The quantity bought in November was 1.4% higher compared to October, according to the Office for National Statistics (ONS), as Black Friday promotions encouraged higher sales of non-food items.
Economists had expected growth of just 0.3% following two months of decline.
The strongest growth was in household goods stores, up 5.3%, driven by an 11% increase in electrical appliances.
The amount spent was 1.5% higher month-on-month.
But growth was slower than the rate seen this time last year when spending was up 5% and quantities rose 3.6%.
Recent updates from retailers have suggested that shops had to rely on heavy discounting to shift product during November.
Sports Direct boss Mike Ashley said the month had been the “worst on record” and warned businesses could be “smashed to pieces” by poor trading.
Howard Archer, chief economic adviser at EY Item Club, said doubts persist over the underlying strength of retail sales.
“Indeed, there are bound to be suspicions about the November data given that the ONS has acknowledged that it is not easy to seasonally-adjust for Black Friday data given the changing nature of promotions,” he said.
“Furthermore, the underlying performance of retail sales still looks lacklustre with volumes up a modest 0.4% in the three months to November compared to the three months to August.”
The most recent high street and shopping centre footfall data for November, compiled by Springboard, showed the worst decline since the recession.
Thursday’s ONS data showed that it was a different picture online, as digital sales as a proportion of all retailing exceeded 20% for the first time.

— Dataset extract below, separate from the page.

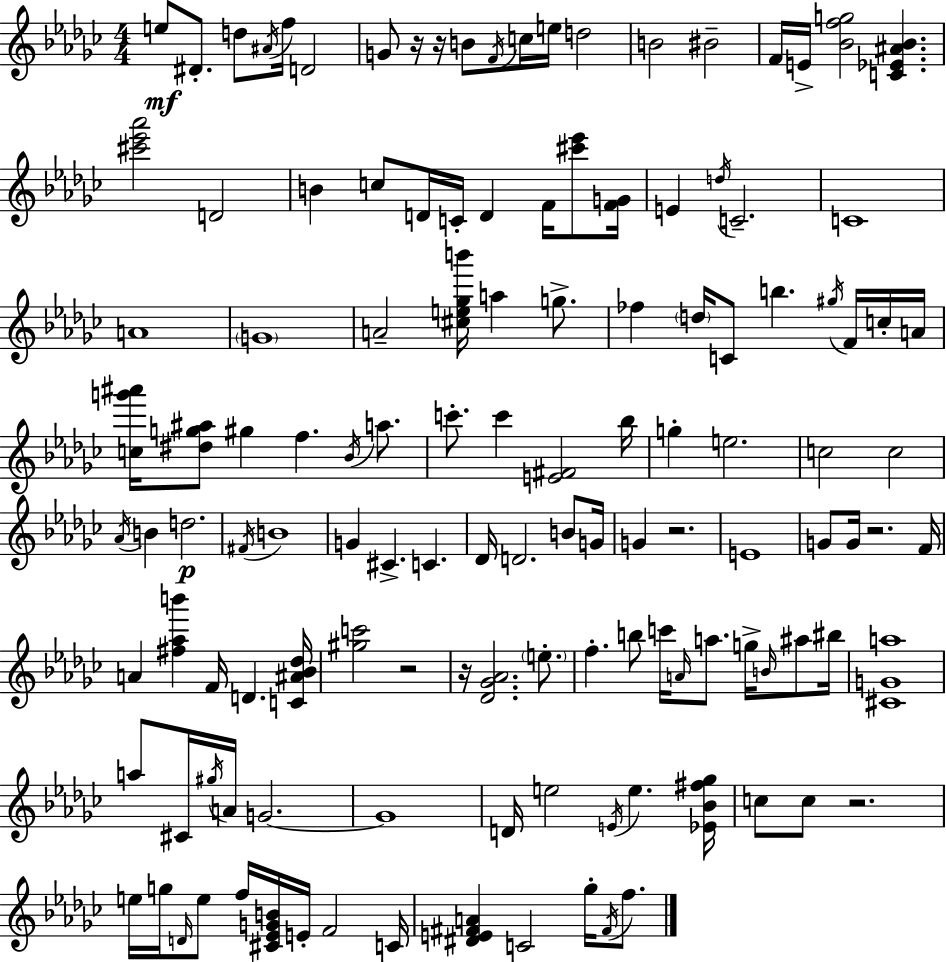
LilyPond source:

Philipp Gutzwiller, head of retail at Lloyds Bank Commercial Banking, said: “More than perhaps any month before, the fact that overall sales rose in November was thanks to the relative success of Black Friday online compared with on the high street.
“Some pure online retailers and those with sophisticated omni-channel operations reported some of their busiest days in years, with gadgets and beauty products doing particularly well.”